FIS、CVCからの投資提案を却下。

FIS(国際スキー・スノーボード連盟)は、投資会社のCVCキャピタル・パートナーズから受けていた提案を却下したと報じられています。CVCが、FISの商業権を管理する会社の株式20%を4億ユーロで取得するというものです。

この報道に接したアスリートたちが反応し、FISに反対の意思を示した抗議文を送付したとのこと。これだけの金額が絡んだ案件にも関わらず、プロセスがオープンになっていなかったことが大きな問題となっています。

CVCはこれまでにもラ・リーガやリーグ・アン、そしてラグビー、バレーボール、テニスなどさまざまなスポーツに投資しています。ここ数年の動きは、コロナ禍によってダメージを受けた競技団体に対してマネーをぶら下げる、ある意味ハイエナのようにも見えましたが、今年に入ってブンデスリーガへの投資案件がサポーターの猛反対によって撤回されるという動きも出てきています。

FISはプレスリリースを出し、CVCからの提案を拒否したわけではないが、提案内容に不備があったとしています。また、現在FISは充分な資金を持っており、調達の必要性を感じていないともしています。

さてさて、こういうマネーの話には当然ながら放映権の話も絡んでくるわけです。FISはinfrontと2025-26シーズンまで放映権の代理店契約を結んでいますが、ワールドカップについてすべての大会を一括管理している状態ではないとのこと。例えば、全日本スキー連盟(SAJ)はinfrontと直接代理店契約を結んでおり、FISの管理下にはありません。

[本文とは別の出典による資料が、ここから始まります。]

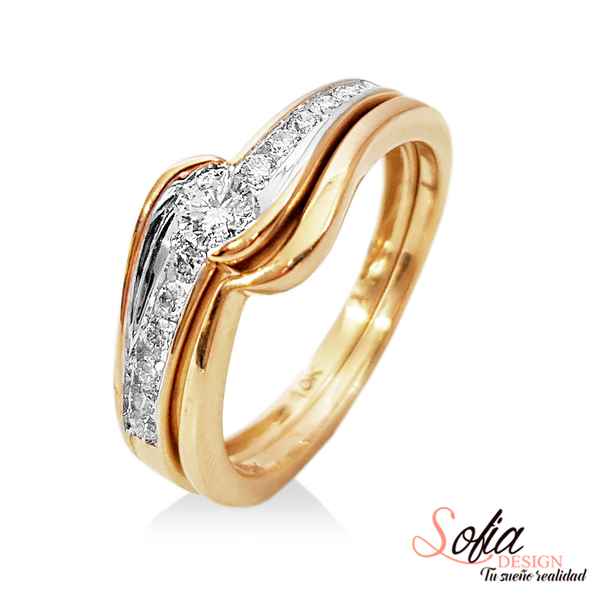 (SOFIA) Set de anillos con diamantes en oro amarillo 10kt. - DGjoyeros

https://www.infront.sport/news/sports-media-rights/infront-extends-global-media-rights-to-fis-world-cup-in-japan


そこで、2026-27シーズンからFISによる一括管理をめざしており、新たに8年契約を結ぶ見込みです。infrontはFISに対して6億ユーロの売上を最低保証としてコミットします。これは現在よりも1億ユーロ以上の増額だそうです。現状では、ほぼすべての国の協会から一括管理の同意を得たものの、オーストリアだけが残っているのだとか。


FISは、この件とCVCは関係ないとしています。もしかすると、CVCに放映権を売るのでは・・・といった誤解があったのかもしれません。上述の通り、放映権はFISの商業会社に属するもので、CVCの提案はその会社の株式を購入する形となります。20%なので、会社の経営にどこまで口出しできるかは限定的です。

さて、infrontとの契約によってFISが順風満帆かと言えばそうではないようで、infrontとの次期契約も1年前には公表されていたのですが、最近まで交渉が長引いていました。FISのプレスリリースにも、気になる一文があります。

FIS in full control over the sales process


つまり、infrontに代理権は付与するものの、セールスについてはFIS側ですべて仕切るということのようです。わざわざこの一文を入れた意図を知りたいところです。


この契約はワールドカップが対象ですが、世界選手権は含まれていません。世界選手権の放映権は現在FISの直轄となっています。FISは2028年にも各種目の世界選手権を統合した「FIS Games」なる大会の開催を計画しているようです。この大会の放映権についても今後どうなるか見ていく必要があります。